3  Chapter 3 - Descriptive Statistics

Descriptive statistics is like the highlight reel of your data. Instead of staring at endless rows of numbers, we boil them down into quick, meaningful summaries that tell us the “story so far.”

It’s our first step in understanding a phenomenon: finding out what’s typical and how much things change.

💡 Imagine this:

Descriptive statistics can be seen as a set of summaries of raw data related to one or several variables of a phenomenon. Descriptive statistics usually gives us a first general idea of a phenomenon by looking at summaries such as averages and variability of variables that represent different aspects of a phenomenon.

So, descriptive statistics is basically asking two big questions about your data:

  1. What’s the “typical” value of a variable?Measures of central tendency

  2. How much does it vary?Measures of dispersion

3.1 Central tendency measures

The main central tendency measures are:

  • Arithmetic mean

  • Median

  • Mode

3.1.1 Arithmetic mean

An arithmetic mean of a variable X is a simple measure that tells us the average value of all valid values of X, assuming that each value has the same importance (or weight). The variable X can be representing any attribute of a subject. A subject can be an individual, a group, a team, a business unit, a company, a financial portfolio, an industry, a region, a country, etc.

An example of a variable X can be the monthly sales amount of a company for the last 3 years. In this case, the variable X will have 36 observations (36 monthly sales). The subject here is a company and the variable or attribute is the company sales over time. Another example can be a variable that represents the daily returns of a financial portfolio over the last 2 years. In this case, the variable might have about 500 observations considering 250 business days each year. The subject in this example is a financial portfolio, that might be composed of more than one stock and/or bond.

To calculate the arithmetic mean of a variable X we simply sum all the non-missing values of the variable and then divide them by the number of non-missing values. Then, the calculation is as follows:

\bar{X}=\frac{{\displaystyle {\displaystyle \sum_{i=1}^{N}X_{i}}}}{N}

Where N is the number of non-missing values (observations) of X. A missing value of a variable happens when the variable X for a specific observation has no value. It is important to note that a missing value is not a zero value. When we work with real world datasets, it is very common to find non-missing values in many variables.

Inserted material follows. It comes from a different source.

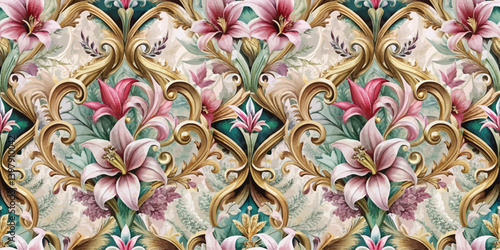 Elegant floral wallpaper with intricate gold and pastel patterns.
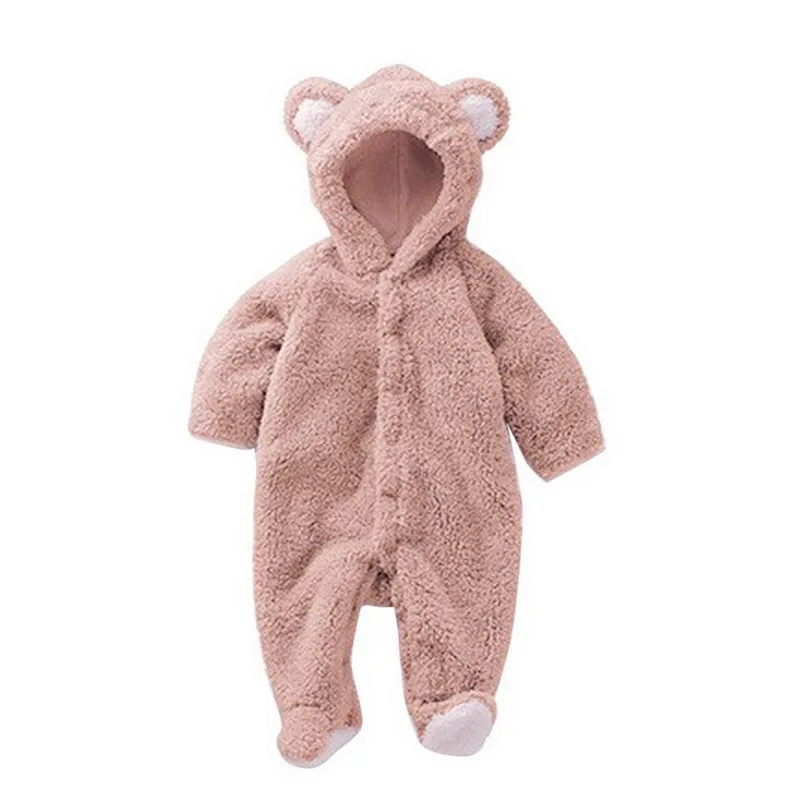 CALOFE Baby Rompers Winter Warm Longsleeve Coral Fleece Newborn Baby Boy Girl Clothes Infant Jumpsuit Animal Overall Pajamas - Цвет: style1 light brown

One of the disadvantage of the arithmetic mean is that it is very sensible to extreme values. If a variable has few extreme values, the arithmetic mean might not be a good representation of an average or mid point. In the prescence of few very extreme values in a variable, the best measure of central tendency is the median, not the arithmetic mean.

3.1.2 The Median

Another measure of central tendency is the median. The median of a variable is its 50 percentile, which is the mid point of its values when the values are sorted in ascending order. When we have an even number of observations, there will be 2 mid points, so the median will be equal to the arithmetic mean of these 2 mid points. When we have an odd number of observations there will be only 1 value in the middle, which is the median.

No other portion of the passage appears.